The following are videos of our initial sessions, which I conducted where she feels safest in her home (the bathroom).
Collar grabs scare Lana, and I don’t want to make recall training scary by adding it in before she’s ready. I also add a word, “collar,” as a cue so she knows what’s going to happen (surprises are scary for fearful dogs.) I then mark once I’ve gently grabbed her collar and feed with my hand still on the collar. We’re practicing in her safe place, and she has room behind her and in front to move in case she needs a break. Note the behaviors she’s offering to get more cookies – offering behaviors and showing play show she’s feeling safe and enjoying the training.
Name game and eye contact
Before adding in movement toward me, I want Lana to learn that hearing her name means making eye contact with me. I pay heavily for each successful trial to strengthen the behavior.
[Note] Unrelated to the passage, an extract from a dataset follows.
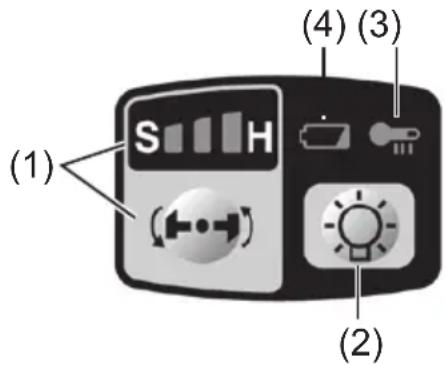 PANASONIC EY7541 - Kontrollpanel - 1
Only until she’s consistently (and comfortably) making eye contact immediately upon hearing her name will I move forward in the training plan.
I train this way because, despite taking more time and patience, it teaches the behavior without compromising Lana’s emotional health or feeling of safety. Spending time upfront creating trust and safety saves time down the road and ultimately results in a stronger behavior.
– Maureen Backman, MS, CTC, PCT-A is the owner of Mutt About Town dog training in San Francisco. She is also the founder of The Muzzle Up! Project and Muzzle Up! Online. To get in touch, email her at firstname.lastname@example.org. To purchase her training DVDs, visit Tawzer Dog.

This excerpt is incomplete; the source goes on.